> **About this exercise**: A single number is expected: the count of lines in the entries below that contain "Incisão".

Brief descriptive captions:

—————

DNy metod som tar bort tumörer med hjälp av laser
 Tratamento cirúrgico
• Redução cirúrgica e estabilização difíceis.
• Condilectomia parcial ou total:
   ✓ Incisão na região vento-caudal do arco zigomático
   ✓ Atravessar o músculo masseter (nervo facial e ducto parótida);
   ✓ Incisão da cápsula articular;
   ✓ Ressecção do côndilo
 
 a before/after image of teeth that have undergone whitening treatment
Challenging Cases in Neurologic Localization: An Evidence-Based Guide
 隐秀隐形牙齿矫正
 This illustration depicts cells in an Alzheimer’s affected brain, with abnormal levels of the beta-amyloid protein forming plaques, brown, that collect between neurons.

—————

> **Your solution**: 2